== Directions for this task ==
Each record that follows is to be duplicated exactly, though its pictures are not.

(Short text fragments from websites)
● ● ●

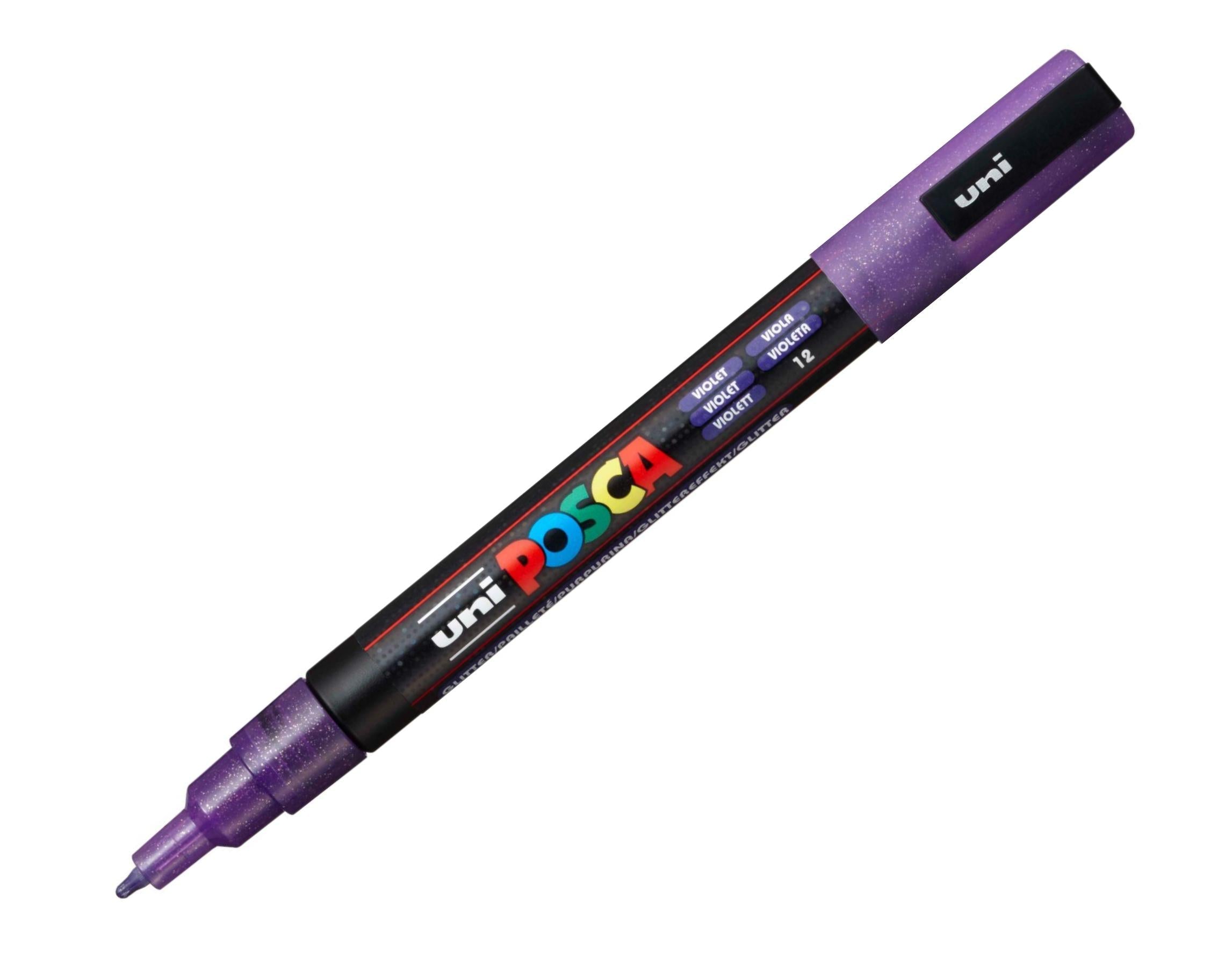 Posca Marker PC-3M, Rundspitze fein, Strichbreite: 0,9-1,3 mm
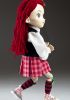 foto: Anime Manga Girl - lovely hand-made marionette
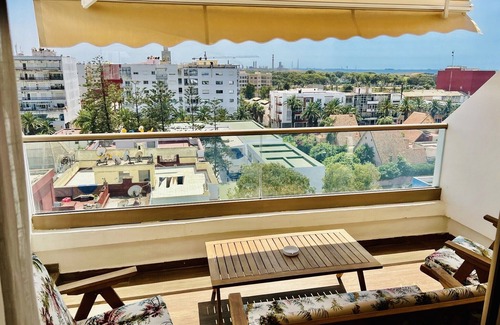 Mohammedia Apartment | Beachfront Brand New Apartment with an Amazing Oceon and City View/24H security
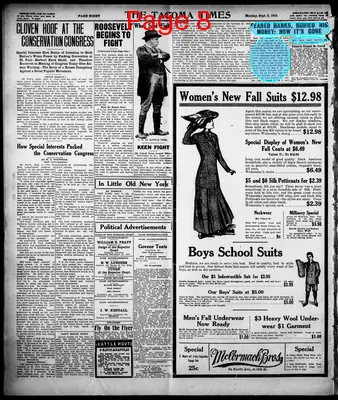 Page thumbnail for The Tacoma Times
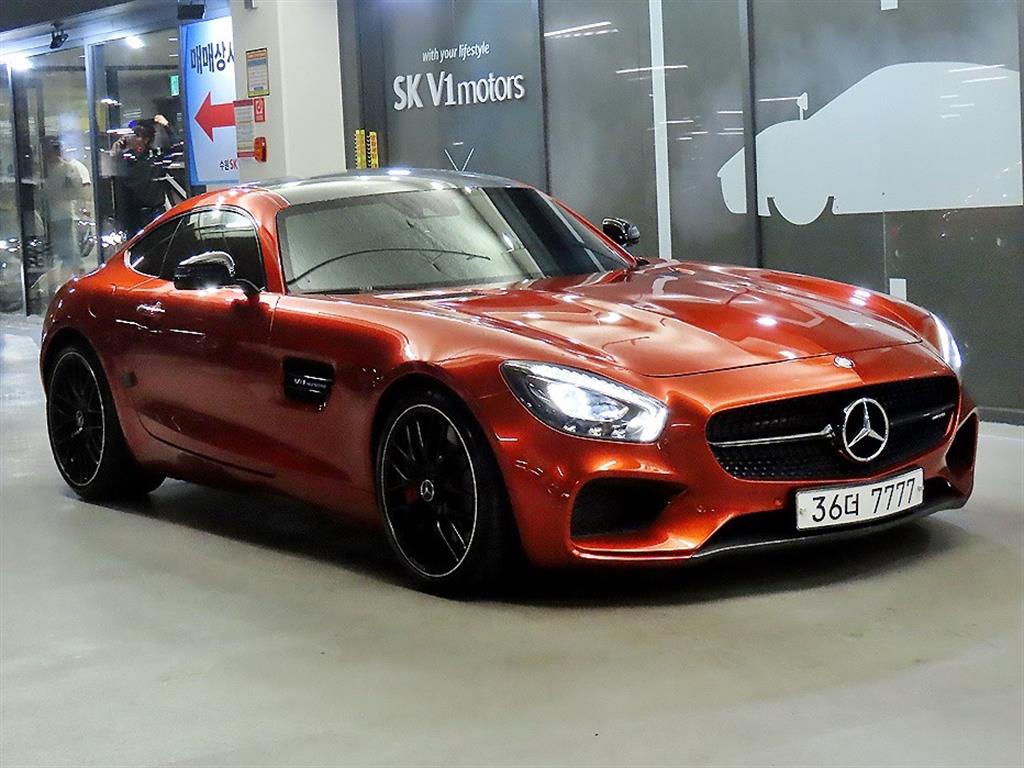 ���� AMG GT 4.0 S 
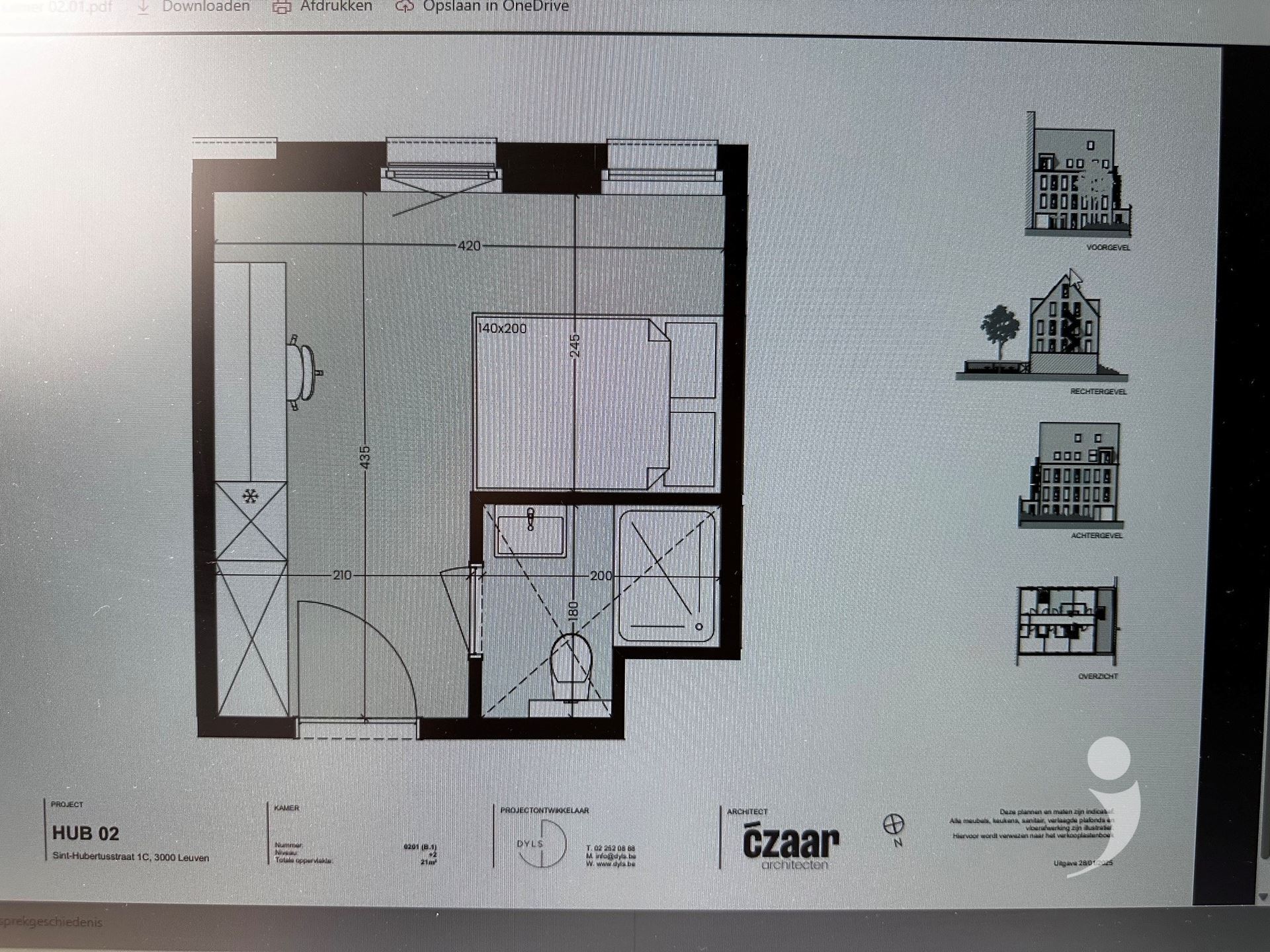 Dorm room for rent in LEUVEN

● ● ●

== Written solution ==
 Posca Marker PC-3M, Rundspitze fein, Strichbreite: 0,9-1,3 mm
 foto: Anime Manga Girl - lovely hand-made marionette
 Mohammedia Apartment | Beachfront Brand New Apartment with an Amazing Oceon and City View/24H security
 Page thumbnail for The Tacoma Times
 ���� AMG GT 4.0 S 
 Dorm room for rent in LEUVEN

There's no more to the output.